The Cured: Zombies, Trauma, and Forgiveness

At some point, you have to wonder if the zombie film is going to run out of steam. Just in time for Halloween, Netflix has added the Ellen Page zombie flick, The Cured. Though it premiered last year and saw a limited theatrical release earlier in 2018, The Cured is only now appearing on streaming platforms. Critics were divided, but does The Cured offer enough insightful zombie fun for your Halloween viewing?

Synopsis

A virus that turns infected into ‘zombies’ has ravaged much of Europe. The virus has hit Ireland particularly hard. But the government has developed a cure to the ‘Maze Virus’ to which only a quarter of infected remain ‘Resistant’. As the government warehouses the ‘Resistant’ is a secure facility, public debate rages as how to best deal with these remaining infected. In the meantime, ‘The Cured’ are being released back into society where mistrustful residents await.
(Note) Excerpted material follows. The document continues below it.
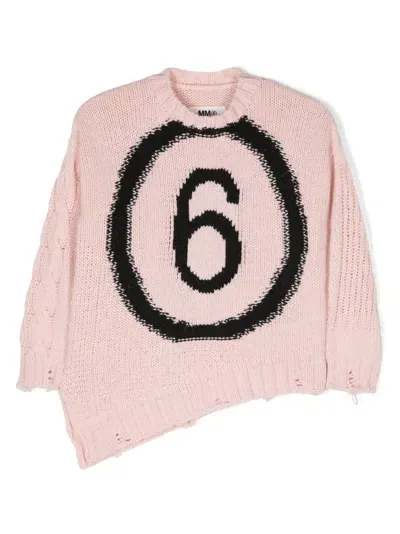 Mm6 Maison Margiela Kids' Logo-intarsia Crew Neck Jumper In Pink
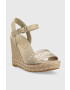 Tommy Hilfiger Sandali SEASONAL WEBBING WEDGE ženski bež barva FW0FW07088 - Pepit.si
Senan is taken in by his sister-in-law but struggles to re-integrate, still haunted by what he did when he was infected.

The Cured is Brimming with Timely Ideas

David Freyne both wrote and directed The Cured, a zombie movie loaded with challenging ideas. Just the premise itself instantly distinguishes The Cured from the horde of zombie movies. Freyne’s decision to open the movie with ‘cured’ citizens already being released sets the story on its own path lending some novelty to a tired subgenre. That the ‘Cured’ can also remember everything they did while zombies adds an unfamiliar layer to the narrative.

To his credit, Freyne compellingly weaves all these elements into what feels like a political drama.

For the first hour or so, Freyne then takes his tpremise and pushes it in an intriguing direction. Senan’s complex relationship with another ‘Cured’, Connor, who exercises undue influence over him, lends The Cured additional tension. Later in the movie, Freyne introduces another wrinkle with the revelation that the ‘Resistant’ do not target ‘The Cured’. To his credit, Freyne compellingly weaves all these elements into what feels more like a political drama. Mass incarceration of the ‘Resistant’, divergent security measures with the ‘The Cured’, and public fear-mongering are among the politically charged subjects included. The first hour feels like a good Black Mirror episode.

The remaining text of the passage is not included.